Increased quality and a greater focus on digitisation in factories are two key trends identified in a recent global survey of 120 decision-makers in the international food and beverage industry.
The research, carried out by food and drink IT specialist CSB-System, revealed that respondents were optimistic about future prospects, expecting the economic situation for their businesses to pick up in the years to come. As part of this, half of them specified quality, freshness and innovations as key drivers in defining product leadership.
Although quality is seen as the biggest driver for success, two thirds of decision makers highlighted prices as the most significant challenge, with many sectors affected by high raw material prices, which are difficult to pass onto the trade or end-consumer.
Legal requirements in terms of food safety, labelling and traceability were also an area of concern, the most recent example at EU level being the regulation on the provision of food information to consumers and the mandatory nutrition declaration.

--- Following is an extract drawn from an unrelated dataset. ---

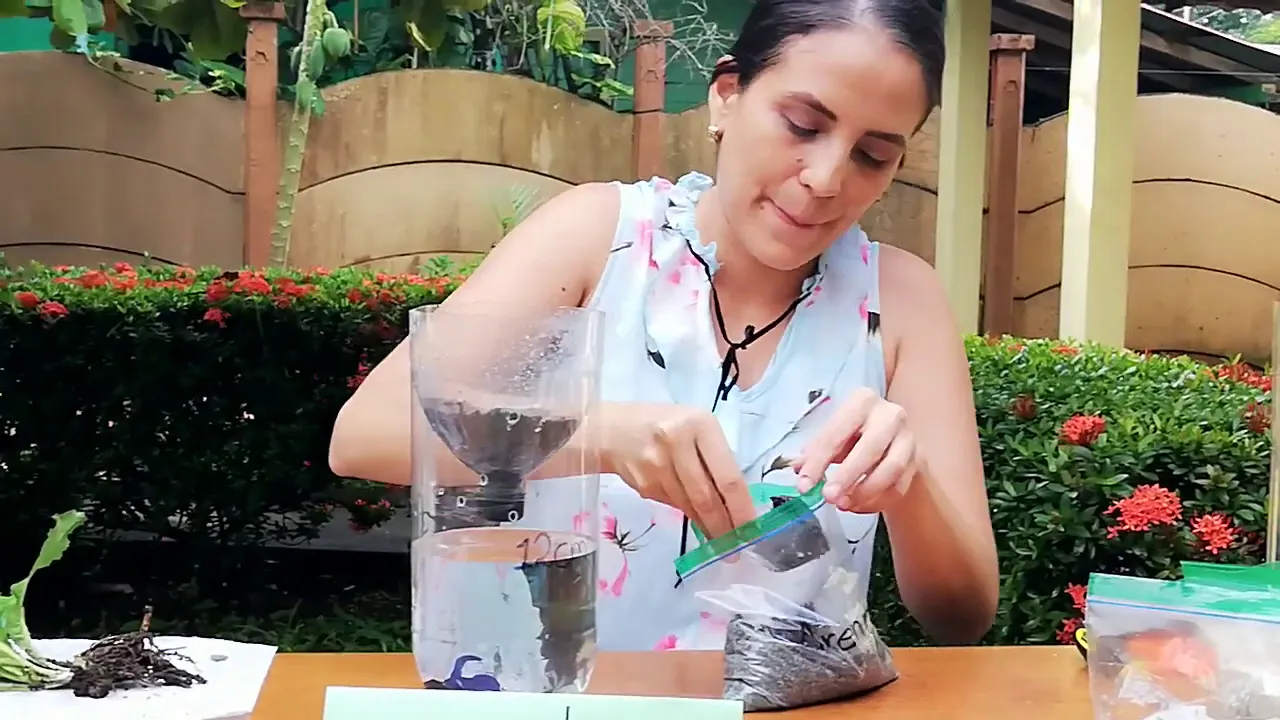 Experimento Ecosistema Artificial. UH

Another important consideration is the requirement among retailers for permanent product availability and prompt response times.
In these circumstances, respondents identified three business areas in particular where there was greatest potential for improvement – sales and marketing, production and intralogistics and information technology. In particular, enhanced IT systems were seen as critical in helping to reduce costs, effectively manage complex operations and improve overall responsiveness.
Looking to the future, the decision makers forecast an increasing focus on both value and sustainability in the food sector. As well as mass market products, high-price segments would also gain in importance, with the combination of cutting-edge technologies and traditional crafts allowing the introduction of a new generation of quality foods elaborately prepared and manufactured.
Hermann Schalk, head of sales at CSB-System, says this trend, together with the need to focus on costs, will lead to the growing importance of effective IT.
“We still expect the downward pressure on prices to persist, therefore cost reductions are necessary,” he explains. “This must not adversely affect product quality, which is not necessarily the case. Our experience is that there is plenty of optimisation potential in the processes, mainly through digitisation.”